We have presented a fully differentiable model with domainspecific microbiome/temporal inductive biases that learns classifier rules and achieves competitive generalization performance with a fully Bayesian model, MITRE, while running 30-70X faster. We have further demonstrated that our method learns human-interpretable rules that are biologically meaningful, including rules not found by MITRE. A possible reason that our model learns a richer set of rules is that MITRE effectively treats the problem combinatorially, i.e., sampling from different discrete thresholds, phylogenetic subtrees, etc. In contrast, our model relaxes the problem and has a much faster run-time, which appears to allow broader exploration of the space of rules, while still learning sharp/almost discrete structure. Of note, our model automatically expands capacity (number of detectors and rules) as part of the core inference procedure, without requiring exogenous and expensive hyperparameter tuning. Directions for future work include specifying additional priors in the model, for instance to encourage time windows or phylogenetic aggregation based on prior beliefs of biologist colleagues.
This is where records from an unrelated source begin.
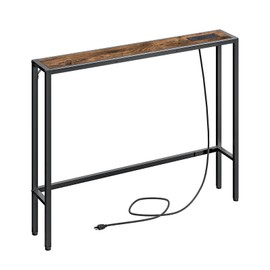MAHANCRIS Narrow Console Sofa Table with Charging Station, Skinny Behind Couch Table, 39.4" L x 5.9" W x 31.5" H, Long Entryway Tables for Living Room, Hallway, Foyer, Rusitc Brown CTHR968E01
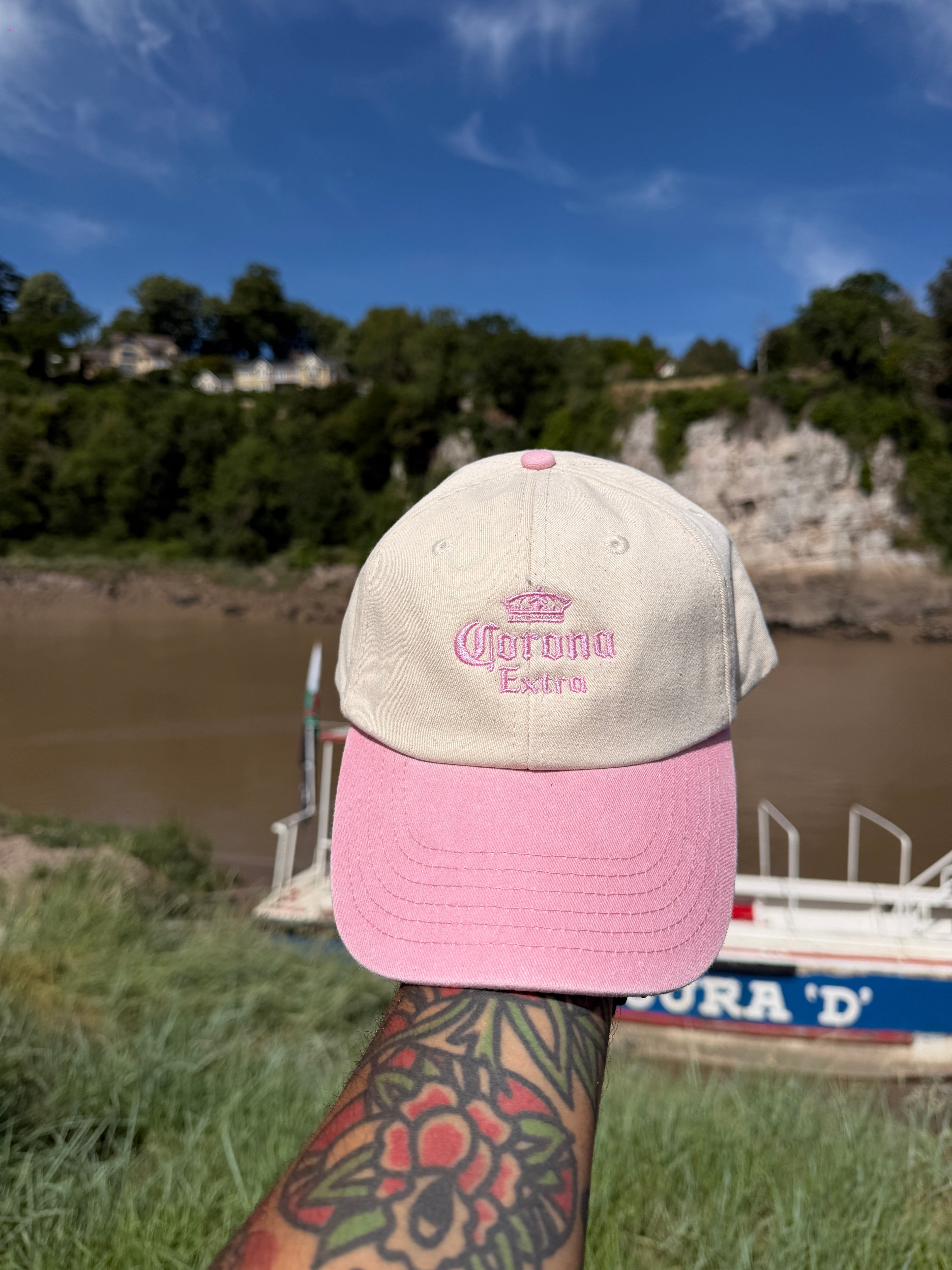 Corona Extra Cerveza Mexico Pink Two tone Vintage Inspired Baseball Cap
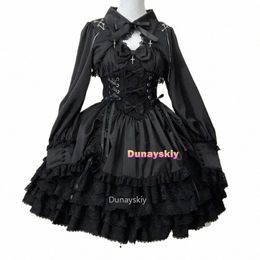 Japanse Victoriaanse Gothic Lolita Dr Vrouwen Punk Stijl Zoete Kant Boog Eveing Party Dres Harajuku Y2k Cosplay Princ Dr f8eX #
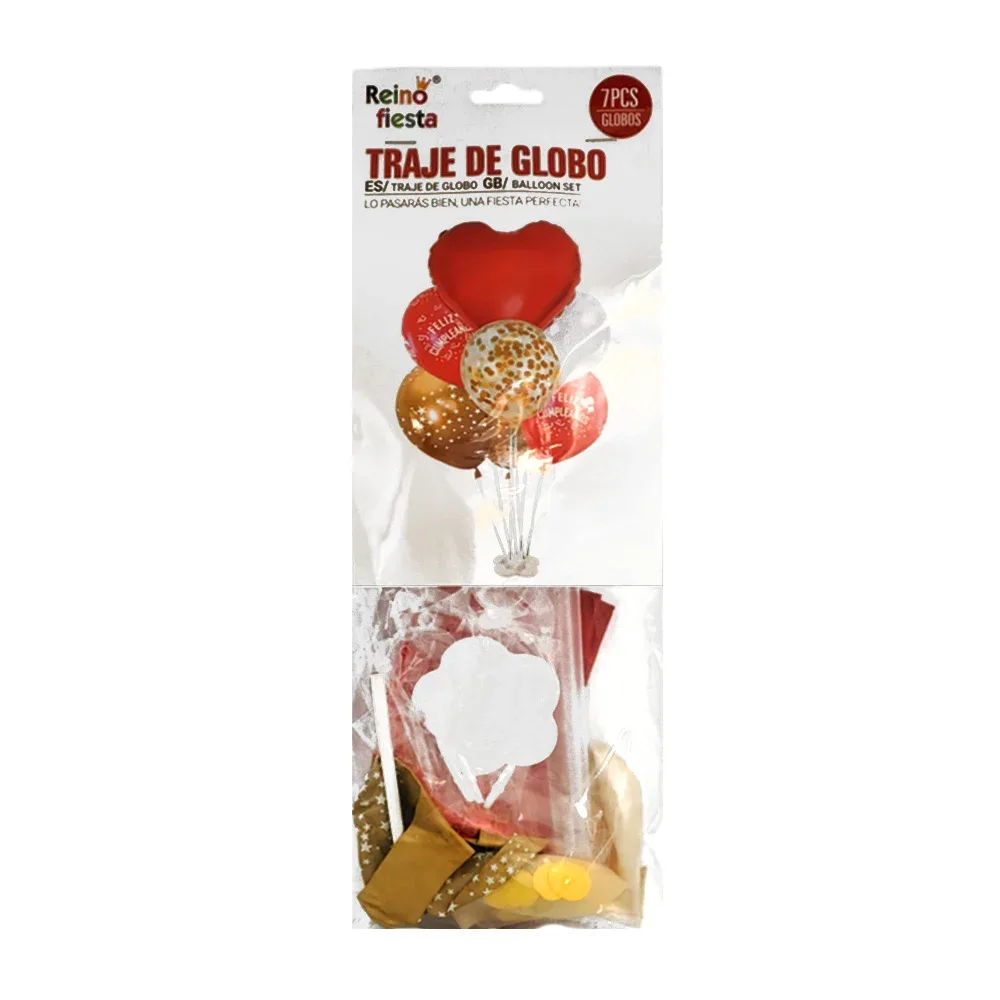 Paquete de 7 globos, con diferentes estampados + base de flor y portaglobos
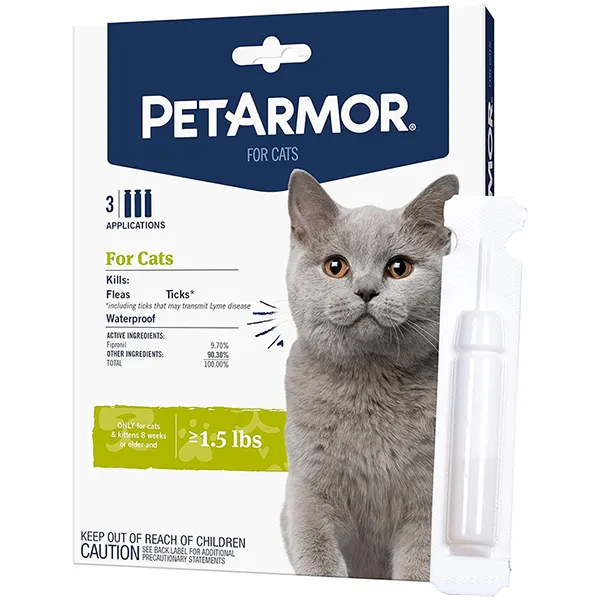Капли от блох, клещей, вшей для кошек 0.68кг, 0.5мл, PetArmor Cats — фото 1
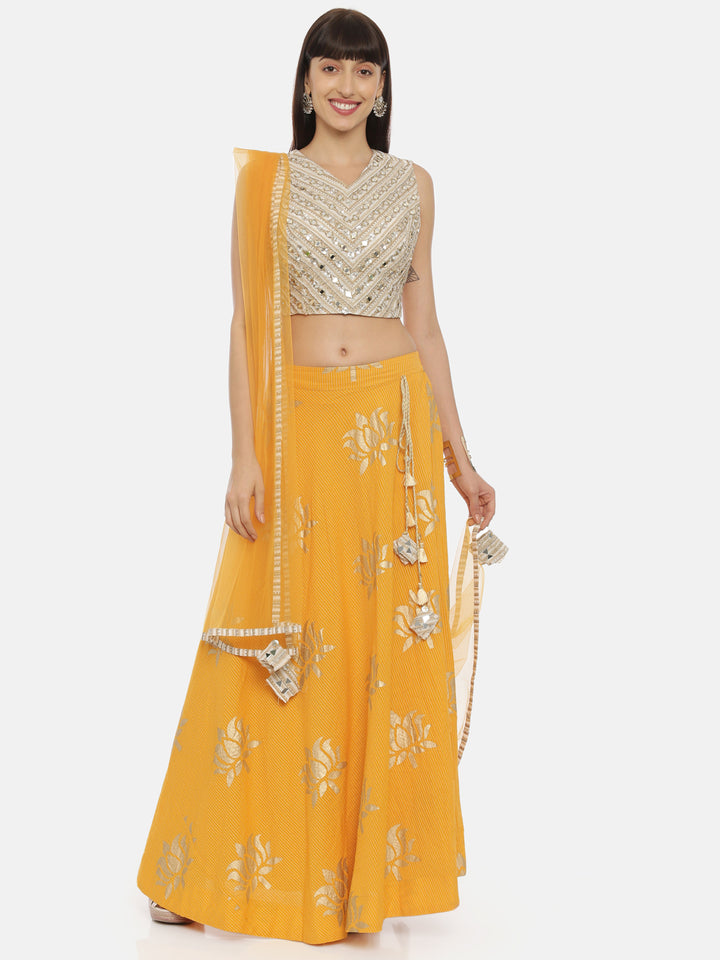 Neerus Beige & Yellow Embellished Lehenga Set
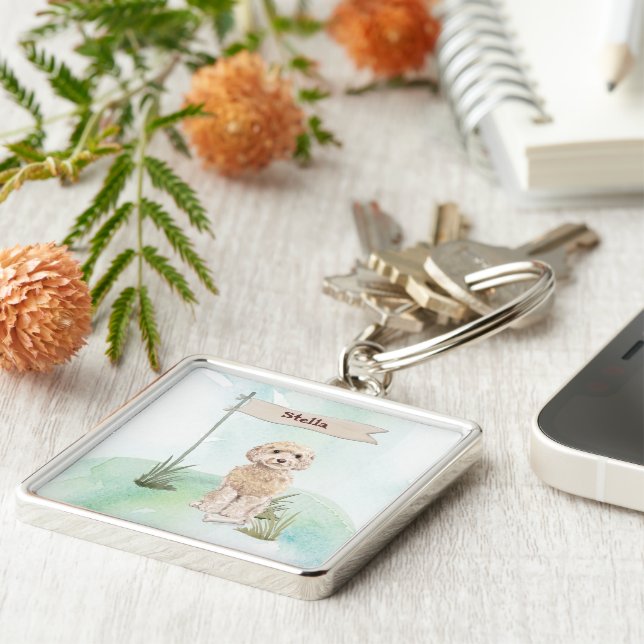 Llavero Nombre personalizado Champagne Cockapoo Mascota Pe (Lado)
Another direction would be to incorporate different types of detectors, including rate-of-change of abundance (as in the original MITRE model) or types of detectors tailored to new datatypes such as metabolomic or metatranscriptomic information. Also, although our MAP inference algorithm performed well, it would be interesting to explore Variational Inference to obtain approximations to the model posterior. Finally, we intend to perform experiments on additional microbiome data sets that are already published as well as new data that are currently being collected from large cohorts of hospitalized patients.

## 6. Funding

V.S.M, G.K.G and V.B. received support from NIH NIGMS 1R01GM130777-01. G.K.G. received support from Brigham and Women Precision Medicine, the Brigham and Women President’s Scholar Award and Harvard Catalyst. We acknowledge the use of the computational resources of the Center for Scientific Computing and Visualization Research at UMass Dartmouth. In particular, the CARNIE cluster which was funded by ONR DURIP Grant No. N00014181255.

## 7. Competing interests

V.B. receives support from a Sponsored Research Agreement from Vedanta Biosciences, Inc. G.K.G. is a Strategic Advisory Board member and shareholder of Kaleido Biosciences, Inc., and a Scientific Advisory Board member and shareholder of ParetoBio, Inc. G.K.G.’s financial interests were reviewed and are managed by Brigham and Women’s Hospital and Partners Healthcare in accordance with their conflict of interest policies. The remaining authors declare that they have no competing interests. None of the work in this study was supported by commercial interests.